As somebody pointed out, there are already papers that explain in great detail how to attack a DHT and poison it, but we think that our modified Kademlia DHT would be able to prevent some of those attacks.
To perform an attack, the attacker should create a number of malicious nodes and try to introduce them in the routing table of the honest DHT nodes.
Once the malicious nodes are in, they can return only information about other malicious nodes, return values for keys that they don’t really store, sniff all the traffic and try to understand the relationship between the nodes.
Defenses against fake IDs, or clusters of malicious nodes
In order to defeat a cluster of malicious nodes that try to insert them-self in other nodes’ routing tables, or DHT solutions does the following:
- accepts only a certain percentage of nodes from IPs close to each other
The ID of the nodes in the routing table should be distributed between different IPs, especially for those nodes with ID close to the ID of the node for which we consider the hosting table.
- identifying the nodes
When two nodes connect to each other they exchange their signature public key: since their IDs is derived from the public key, they cannot forge their IDs
All the subsequent messages are signed by the sending nodes
- temporarily blacklisting nodes that return wrong results (e.g. return nodes with id that doesn’t match the public key, wrong hashes, etc) and the nodes that returned the malicious node ids.

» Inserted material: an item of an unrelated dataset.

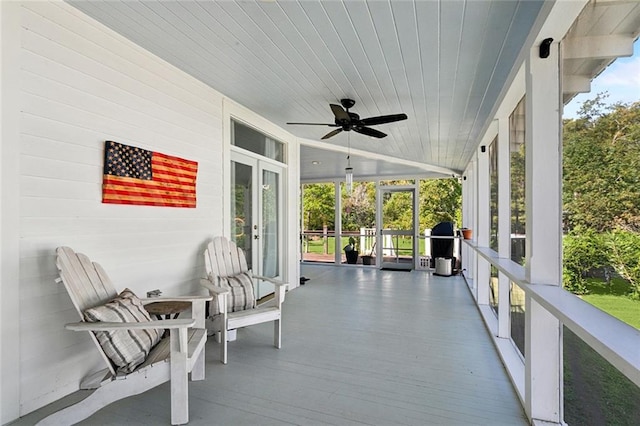 sunroom / solarium with ceiling fan and wood ceiling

To successfully destabilize a node’s routing table, the attacker should possess several IPs: the attack is still possible but it would require a large amount of resources
Defenses against fake return values
There is really no point in faking a return value.
In FlowingMail the DHT is used to:
- find other nodes
- store the list of available emails
- store the public keys of the nodes (encryption and signature keys)

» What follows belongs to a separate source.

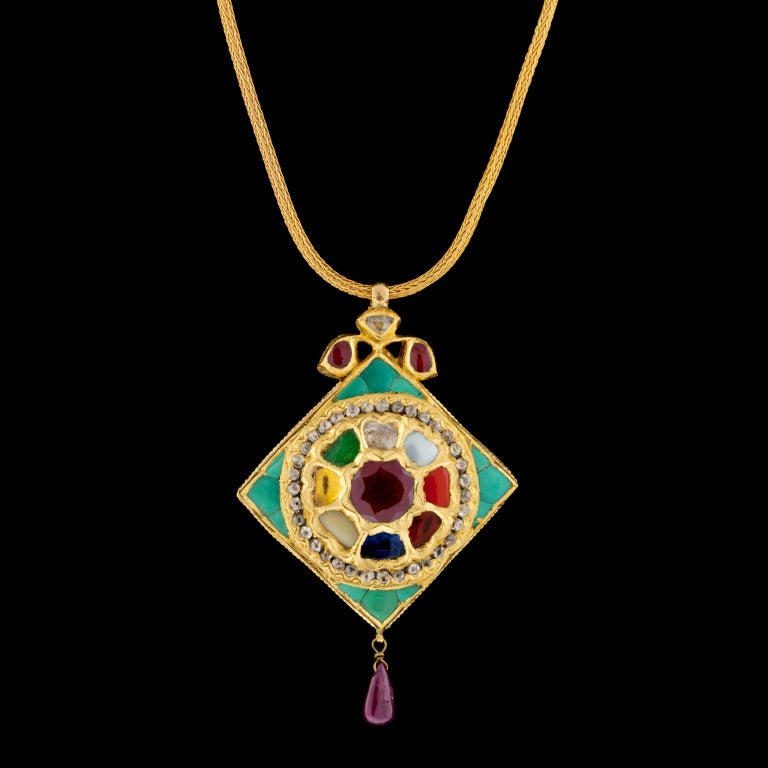 Vintage 20Kt Yellow Gold Diamond & Colored Stone Necklace features 36 Rose Cut Diamonds for a total approximate weight of 0.60cts & miscellaneous precious and semi precious colored stones with a 17″ chain. The pendant measures 2″ and the total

- store the list of nodes that have a list of blocks composing a mail
- store the list of nodes that have a block of a mail
The first point (find other nodes) has been analyzed before (fake IDs, cluster of malicious nodes) and it may be an issue, but the other points are pretty much covered.
The list of available mails is retrieved from several nodes, not just from the first one that returns a valid result.

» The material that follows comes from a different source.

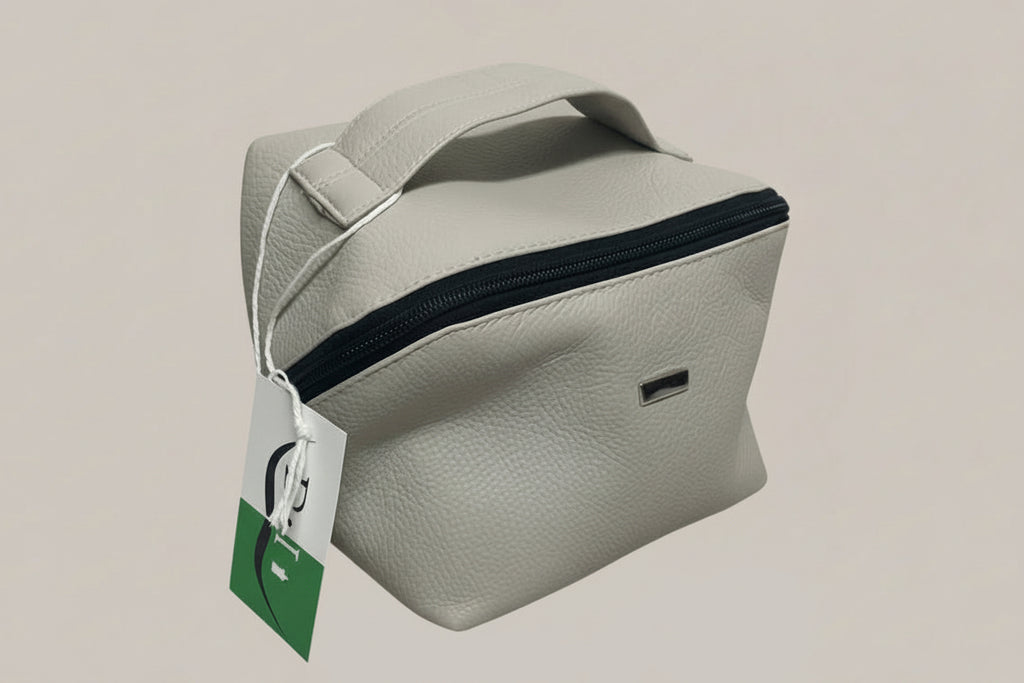 Gray pouch with a black zipper on a light gray background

This is done because the list of available mails is not composed by a single value, but by a sequence of ADD operations that add a new mail hash to the ones that already exist.
Returning a list of fake mail hashes will have no impact, because a second query for the list of nodes with the fake mail’s list of blocks will return no values, unless the attacker has also control of the nodes with ID similar to the fake mail hash.
Even in the case a list blocks for a fake mail is returned, the attacker must have the control for the nodes with ID similar to each block in the mail, and at that point is just easier to send an email using an honest FlowingMail node (which by the way must be signed by the sender).
A fake signature public key will be detected immediately, since its hash will not match the ID of the owner of that key.
A fake encryption public key will be detected because the digital signature (done using the owner’s private signature key) will not be verified (using the signature public key).
Nodes that return fake values are also blacklisted and not taken into consideration when they popup in lookups or try to get back into the routing table.
At the end of the day, attacks that we didn’t predict (and maybe some that we predicted) will be possible, but the aim of this project is to study and fortify the protocol until is ready for general usage.